Friday, December 14, 2007

New New Frontier !



More New Frontier stories? Normally, I'm cynical as hell about cash-ins that are released in near-tandem with DVDs and the like, but this sounds like so much fun:
The special will be a special in that old school way. It will have a small connecting story and the conceit is that these are untold events that the government classified back in the early sixties. There are three stories in the special. The main story is something I call Chapter X, and it is the story behind the big Batman/Superman fight hoax referred to in New Frontier. In the book we only deal with that event as a squib in a magazine article along with on shot of them brawling. This 22 page story will tell about what leads up to the two fighting, and how they choose to resolve it. A host of our Frontier cast are in this story, from King Faraday and the Suicide Squad through to Wonder Woman and Hourman. We also get to meet the New Frontier Alfred.

Imagine the thrills!

By the way, for anyone who may be out there rolling their eyes about a Superman Batman punch up, all I can say is suck it up. I am going to kick the hell out of those two. There is a major surprise in the story, and an element to their fight that hasn't been alluded to in any form. The story twist and climax will add to any New Frontier fan's appreciation of the main story. I'll be writing and drawing this one.

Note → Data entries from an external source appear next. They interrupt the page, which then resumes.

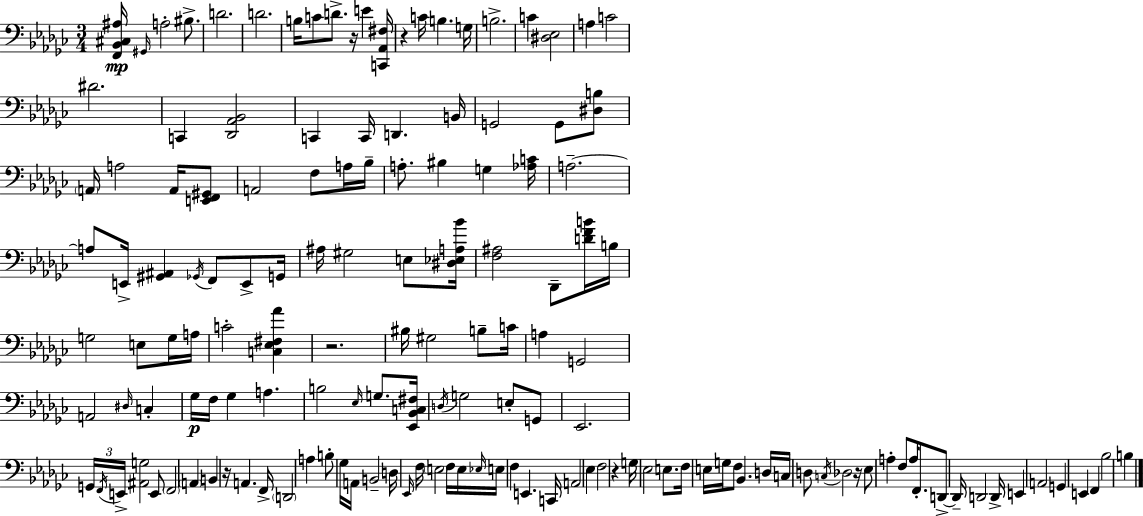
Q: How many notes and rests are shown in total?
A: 150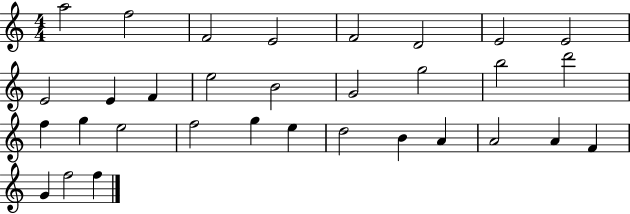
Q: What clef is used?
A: treble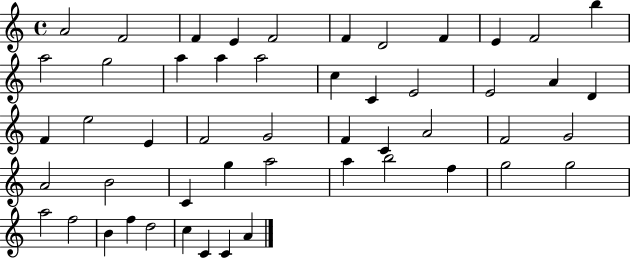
A4/h F4/h F4/q E4/q F4/h F4/q D4/h F4/q E4/q F4/h B5/q A5/h G5/h A5/q A5/q A5/h C5/q C4/q E4/h E4/h A4/q D4/q F4/q E5/h E4/q F4/h G4/h F4/q C4/q A4/h F4/h G4/h A4/h B4/h C4/q G5/q A5/h A5/q B5/h F5/q G5/h G5/h A5/h F5/h B4/q F5/q D5/h C5/q C4/q C4/q A4/q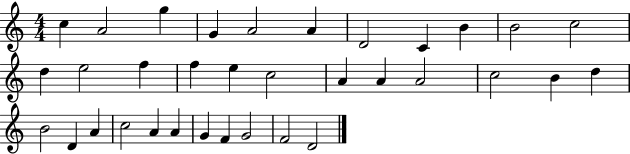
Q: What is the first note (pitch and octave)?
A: C5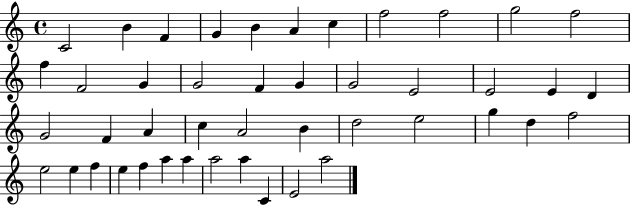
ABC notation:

X:1
T:Untitled
M:4/4
L:1/4
K:C
C2 B F G B A c f2 f2 g2 f2 f F2 G G2 F G G2 E2 E2 E D G2 F A c A2 B d2 e2 g d f2 e2 e f e f a a a2 a C E2 a2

Following that will be two short stories written by myself and featuring art by two of New Frontier's alumni. J. Bone and I are tackling Wonder Woman, Black Canary and old school chauvinism in an New Frontier parody along the lines of the old Kurtzman/Wood Mad satires. The director of the New Frontier DVD is a talented young man named David Bullock. He and I are tackling a short that features Robin and Kid Flash up against Red saboteurs. Of course my men Dave Stewart and Jared Fletcher will also be on board for color and lettering.
Mind you, I'm still working up exactly nil enthusiasm when it comes to the upcoming DVD itself. Yes, Cooke keeps saying they've managed to fold the story nicely to work in a 90-minute frame, but I think he may be biased on that particular matter. So much of what makes me love the original book is the detail work, and taking 400-something pages of comics and performing origami to get the big points across is just going to annoy me.

Of course, this probably connects to my general annoyance at filmed adaptations of comics stories. Just do a new story with these franchise characters instead of hacking up something that worked really well on paper and pushing it into a box that's not quite designed for it, y'know? Expect me to bitch more about that as Watchmen looms.